Falanca sporcumuz Çin'e "sakat sakat gitmiş."
Filanca sporcumuz "Çin'de sakatlanmış."
Başarının sahibi çok olurmuş da...
Başarısızlığı gelin etmişler, kimse damatlığı kabul etmemiş.
Pekin'de "bunu" dolu dolu gözledik.
***
Yanımızdakilerle "sakatlık üzerine" konuşurken...
Adalet Bakanı Mehmet Ali Şahin'i gördük.
O da bizi gördü.
Birbirimize doğru yürümeye başladık.
"Bir şey" dikkatimizi çekti... Bakan bey hafiften aksıyordu.
- Hayırdır sayın Bakan... Siz de mi sakatlandınız?.. Pekin'de mi oldu?.. Zaten yeteri kadar sakatımız var.
Mehmet Ali Şahin "Pekin'de değil, Antalya'da oldu" diye güldü:
- Pekin'e gelmeden önce Antalya'da tenis oynadım... Bir saatten fazla... Fakat, ısınmadan oynadım.
- Sonuç?
- Pekin'de aksama başladı... Kafile doktorumuz yarbay baktı.
- Ne dedi?
- Kıkırdakta sorun... Menüsküs... Türkiye'ye dönünce Gülhane'ye gideceğim... Ufak bir operasyon gerekiyor.
"Geçmiş olsun" dedik ve takıldık:
- Bu durumda Pekin'de müsabakaya çıkamayacaksınız... Bizi bir madalyadan ettiniz.
***
Mehmet Ali Şahin de bize takıldı:
- Neyse ki siz madalya aldınız... Ona sevindik.
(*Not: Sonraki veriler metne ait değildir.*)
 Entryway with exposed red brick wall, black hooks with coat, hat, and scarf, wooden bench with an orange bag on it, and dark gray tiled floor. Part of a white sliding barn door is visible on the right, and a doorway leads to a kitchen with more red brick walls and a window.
Bizi dinleyenler "neee" diye sordular.
Spordan Sorumlu Devlet Bakanı Murat Başesgioğlu araya girdi:
- Evet arkadaşlar... Yavuz bey bir madalya aldı.
Herkes "göster... Hani?.. Nerede" diye toplandı.
***
Çin Yabancı Ülkelerle Dostluk Derneği Başkanı Chen Haosu "Türk-Çin Dostluk Derneği Başkanı Kemal Baytaş onuruna" bir yemek vermişti.
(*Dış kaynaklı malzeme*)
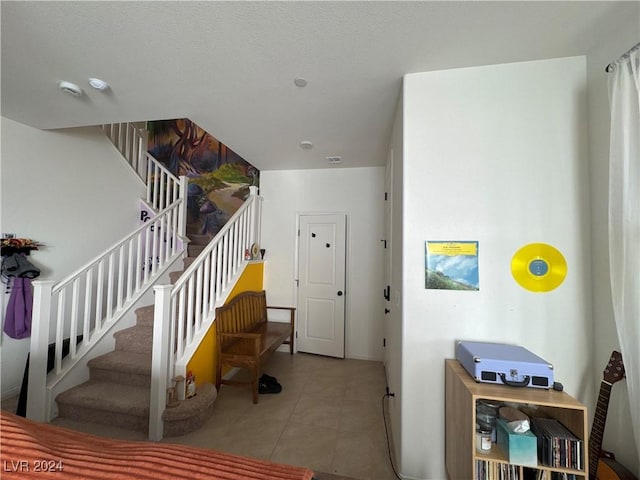 stairway with tile patterned flooring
Yemeğe büyükelçimiz Oktay Özüye ile biz de davetliydik.
"Karşılıklı konuşmalar" yapıldı.
Ve yemekten sonra bay Chen Haosu, "olimpiyatların ilk günü anısına bir madalya yapıldığını" söyledi.
"Sınırlı sayıda."
Çin'e gelen "yabancı konuklara" veriliyormuş.
Baytaş'a, büyükelçimize ve bize "birer madalya" taktı.
***
"Şaka maka" Pekin'den elimiz boş dönmedik.